17. Bacchanal Bywater
The backyard beckons in this, the home of the funkiest wine party in all New Orleans. Bacchanal can be credited with helping make Bywater a dining destination (though the long-lived Jack Dempsey’s down the street has about a decade headstart). Owners Joaquin Rodas and Adrian Mendez honor Bacchanal’s late founder Chris Rudge in every way, changing little since its opening in 2002 and maintaining its homey spirit. There are several ways to enjoy the near-daily lineup of live music: Grab a bottle of wine and choose cheeses, which the restaurant will plate, and head out back. Order small plates from the back window, like bacon-wrapped dates, papas fritas, mussels, and skirt steak with chimichurri. Or head upstairs for a less crowded setting in the treehouse. All involve good wine, great food, and prime people-watching.

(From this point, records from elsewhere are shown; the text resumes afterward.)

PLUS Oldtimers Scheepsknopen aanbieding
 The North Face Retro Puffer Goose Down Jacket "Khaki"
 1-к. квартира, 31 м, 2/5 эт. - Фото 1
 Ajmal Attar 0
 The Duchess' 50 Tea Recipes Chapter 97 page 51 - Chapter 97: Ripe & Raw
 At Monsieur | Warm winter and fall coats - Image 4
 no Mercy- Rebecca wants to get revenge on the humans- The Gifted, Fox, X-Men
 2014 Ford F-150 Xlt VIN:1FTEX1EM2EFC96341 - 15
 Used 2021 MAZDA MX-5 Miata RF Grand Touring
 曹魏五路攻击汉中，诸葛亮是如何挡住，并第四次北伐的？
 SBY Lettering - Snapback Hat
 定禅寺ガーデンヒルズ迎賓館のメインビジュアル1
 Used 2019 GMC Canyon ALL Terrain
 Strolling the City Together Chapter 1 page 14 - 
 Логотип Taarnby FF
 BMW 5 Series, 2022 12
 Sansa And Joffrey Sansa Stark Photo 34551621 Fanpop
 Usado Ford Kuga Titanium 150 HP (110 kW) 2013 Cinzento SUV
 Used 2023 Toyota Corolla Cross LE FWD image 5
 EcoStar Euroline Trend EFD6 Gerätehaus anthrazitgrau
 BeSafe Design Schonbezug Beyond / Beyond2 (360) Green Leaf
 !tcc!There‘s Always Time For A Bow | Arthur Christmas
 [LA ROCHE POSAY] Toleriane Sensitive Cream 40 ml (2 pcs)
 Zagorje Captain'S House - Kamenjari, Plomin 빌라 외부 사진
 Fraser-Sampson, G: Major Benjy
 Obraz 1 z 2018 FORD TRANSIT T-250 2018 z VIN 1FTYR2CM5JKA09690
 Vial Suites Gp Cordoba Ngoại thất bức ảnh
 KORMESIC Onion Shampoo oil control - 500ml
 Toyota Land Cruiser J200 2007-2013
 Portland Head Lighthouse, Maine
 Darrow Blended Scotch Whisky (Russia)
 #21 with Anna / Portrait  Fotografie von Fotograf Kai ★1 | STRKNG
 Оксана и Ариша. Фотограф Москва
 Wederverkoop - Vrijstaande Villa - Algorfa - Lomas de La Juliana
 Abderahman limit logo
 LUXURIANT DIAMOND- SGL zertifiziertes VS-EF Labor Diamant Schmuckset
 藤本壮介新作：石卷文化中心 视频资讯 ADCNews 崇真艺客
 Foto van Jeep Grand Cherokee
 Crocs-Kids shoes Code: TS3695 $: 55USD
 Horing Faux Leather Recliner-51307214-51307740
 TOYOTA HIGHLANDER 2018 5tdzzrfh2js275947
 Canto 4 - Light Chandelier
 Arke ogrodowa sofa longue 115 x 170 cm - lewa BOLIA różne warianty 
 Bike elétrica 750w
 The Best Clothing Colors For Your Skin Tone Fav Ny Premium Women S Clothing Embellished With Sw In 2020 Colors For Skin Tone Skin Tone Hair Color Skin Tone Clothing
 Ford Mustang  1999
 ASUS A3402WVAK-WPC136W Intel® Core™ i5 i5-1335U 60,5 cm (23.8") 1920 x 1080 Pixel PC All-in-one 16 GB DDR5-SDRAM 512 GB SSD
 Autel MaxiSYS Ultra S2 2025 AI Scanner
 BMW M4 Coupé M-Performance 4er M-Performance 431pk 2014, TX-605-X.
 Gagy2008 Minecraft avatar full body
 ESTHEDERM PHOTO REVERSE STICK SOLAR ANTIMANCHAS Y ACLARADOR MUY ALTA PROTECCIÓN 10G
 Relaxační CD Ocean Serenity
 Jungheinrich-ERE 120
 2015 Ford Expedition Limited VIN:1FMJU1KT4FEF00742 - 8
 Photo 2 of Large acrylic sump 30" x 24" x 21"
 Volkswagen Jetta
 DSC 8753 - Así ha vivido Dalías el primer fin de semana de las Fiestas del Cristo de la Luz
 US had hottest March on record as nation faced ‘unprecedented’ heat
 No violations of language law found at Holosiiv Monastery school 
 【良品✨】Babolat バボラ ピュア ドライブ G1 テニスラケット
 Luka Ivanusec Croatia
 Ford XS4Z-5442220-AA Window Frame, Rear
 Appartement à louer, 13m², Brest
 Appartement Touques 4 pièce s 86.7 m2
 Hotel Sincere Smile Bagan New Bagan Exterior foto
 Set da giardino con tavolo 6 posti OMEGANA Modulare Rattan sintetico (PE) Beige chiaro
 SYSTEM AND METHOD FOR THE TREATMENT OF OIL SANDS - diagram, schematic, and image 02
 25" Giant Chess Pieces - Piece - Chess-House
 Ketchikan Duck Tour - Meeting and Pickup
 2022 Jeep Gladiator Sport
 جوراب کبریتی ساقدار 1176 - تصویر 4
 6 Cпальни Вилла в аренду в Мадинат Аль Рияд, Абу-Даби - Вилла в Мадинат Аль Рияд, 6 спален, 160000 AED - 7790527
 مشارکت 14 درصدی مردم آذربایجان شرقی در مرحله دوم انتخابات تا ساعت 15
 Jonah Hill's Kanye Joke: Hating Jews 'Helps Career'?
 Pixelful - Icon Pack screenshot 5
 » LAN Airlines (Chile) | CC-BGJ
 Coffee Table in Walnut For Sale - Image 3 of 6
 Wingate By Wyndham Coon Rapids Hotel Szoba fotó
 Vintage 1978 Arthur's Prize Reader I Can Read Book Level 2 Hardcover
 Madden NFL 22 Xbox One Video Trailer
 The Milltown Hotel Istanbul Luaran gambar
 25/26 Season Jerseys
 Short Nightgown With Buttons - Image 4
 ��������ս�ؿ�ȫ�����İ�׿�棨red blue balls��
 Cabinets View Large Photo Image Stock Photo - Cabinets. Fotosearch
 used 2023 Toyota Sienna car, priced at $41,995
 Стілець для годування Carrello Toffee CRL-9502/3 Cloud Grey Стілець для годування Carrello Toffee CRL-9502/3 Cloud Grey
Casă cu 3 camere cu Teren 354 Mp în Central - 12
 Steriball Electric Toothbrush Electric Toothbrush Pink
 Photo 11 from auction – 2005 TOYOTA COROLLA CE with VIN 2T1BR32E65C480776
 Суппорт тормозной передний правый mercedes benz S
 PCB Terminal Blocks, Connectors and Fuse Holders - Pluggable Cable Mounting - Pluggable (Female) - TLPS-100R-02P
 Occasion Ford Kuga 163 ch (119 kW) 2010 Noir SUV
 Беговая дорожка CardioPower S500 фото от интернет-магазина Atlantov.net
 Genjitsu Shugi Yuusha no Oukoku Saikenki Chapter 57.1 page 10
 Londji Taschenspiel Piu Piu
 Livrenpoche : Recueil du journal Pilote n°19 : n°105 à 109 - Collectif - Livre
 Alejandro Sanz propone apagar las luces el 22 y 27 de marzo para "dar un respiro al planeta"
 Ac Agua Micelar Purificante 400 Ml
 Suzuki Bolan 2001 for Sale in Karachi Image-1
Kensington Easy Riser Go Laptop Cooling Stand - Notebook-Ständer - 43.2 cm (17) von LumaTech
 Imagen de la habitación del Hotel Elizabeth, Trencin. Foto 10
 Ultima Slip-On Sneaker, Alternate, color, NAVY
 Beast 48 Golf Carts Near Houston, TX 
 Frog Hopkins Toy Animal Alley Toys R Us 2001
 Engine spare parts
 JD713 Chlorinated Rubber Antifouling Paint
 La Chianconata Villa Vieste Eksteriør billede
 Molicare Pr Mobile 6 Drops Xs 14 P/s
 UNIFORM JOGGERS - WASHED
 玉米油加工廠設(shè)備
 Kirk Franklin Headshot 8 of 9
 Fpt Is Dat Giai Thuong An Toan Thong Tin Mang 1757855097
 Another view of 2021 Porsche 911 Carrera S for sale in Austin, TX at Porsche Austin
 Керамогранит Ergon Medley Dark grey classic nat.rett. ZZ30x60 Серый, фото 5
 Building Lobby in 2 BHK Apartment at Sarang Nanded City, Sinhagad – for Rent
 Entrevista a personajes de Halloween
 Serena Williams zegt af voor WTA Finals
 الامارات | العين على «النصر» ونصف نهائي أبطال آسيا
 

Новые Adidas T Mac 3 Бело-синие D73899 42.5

No reservations. More info here.
18. Sneaky Pickle + Bar Brine Bywater
The impossibly cool scene at this combination restaurant in Bywater is layered: there’s the hip clientele and staff, the quirky but serene atmosphere, and the wildly inventive menu that leans on vegetables and vegan-friendly ingredients while offering some of the best meat and fish dishes in town. There’s a rustic feel to items like the white bean dip sprinkled with fiery peanut salsa macha accompanied by misshapen grilled flatbread, or the fat, hand-ripped squid ink noodles with creamy crab and shrimp. Non-vegans stand by vegan dishes here, too — maybe grilled trumpet mushrooms atop cashew cream grits with pistachio chimichurri. But the wagyu bavette steak with blue cheese pistou competes with any steakhouse, and the pan-seared snapper gives the city’s grande dames a run for their money. Cocktails are outstanding.
Find more info here.
19. Queen Trini Lisa Mid-City
Tucked away on a Mid-City neighborhood corner is this family-run restaurant, Lisa Nelson’s cozy hub for the powerful flavors of Trinidad and Tobago. The doubles alone are worth the trip off the beaten path, warranting a monthly or even weekly visit: Savory and comforting, chickpeas are stewed with curry, cumin, and cilantro and top a fluffy, slightly spongy fried flatbread. The dish is brightened by grated cucumber and a trio of sauces: mango chutney, Scotch bonnet sauce, and the cherished tamarind sauce. The curry chicken and fried fish are more standouts, best accompanied by Caribbean spinach and rice and peas. The Queen, as she’s known, reigns over her busy kitchen while her friendly son greets diners at the door.
Find more info here.
20. Mister Mao Uptown
Photo courtesy of Mister Mao
The jungle vibe is strong at this Uptown “tropical roadhouse,” namely because of the dramatic, fabulous flair of owners Sophina Uong and William Greenwell. They injected a once-homey corner building with a trippy, forest-like aesthetic that promotes good cheer. Uong’s food is equally exciting, combining influences from her Cambodian heritage with flavors from India, Thailand, Indonesia, the Philippines, and more. A changing menu of dishes like lechon kawali, pani puri, vegetable bhaji, and garlic noodles get new life here, exploding with flavor (and sometimes heat) and tempered by cocktails made with Malort and aquafaba. Mister Mao is where you go when you want your meal to come with a side of fun.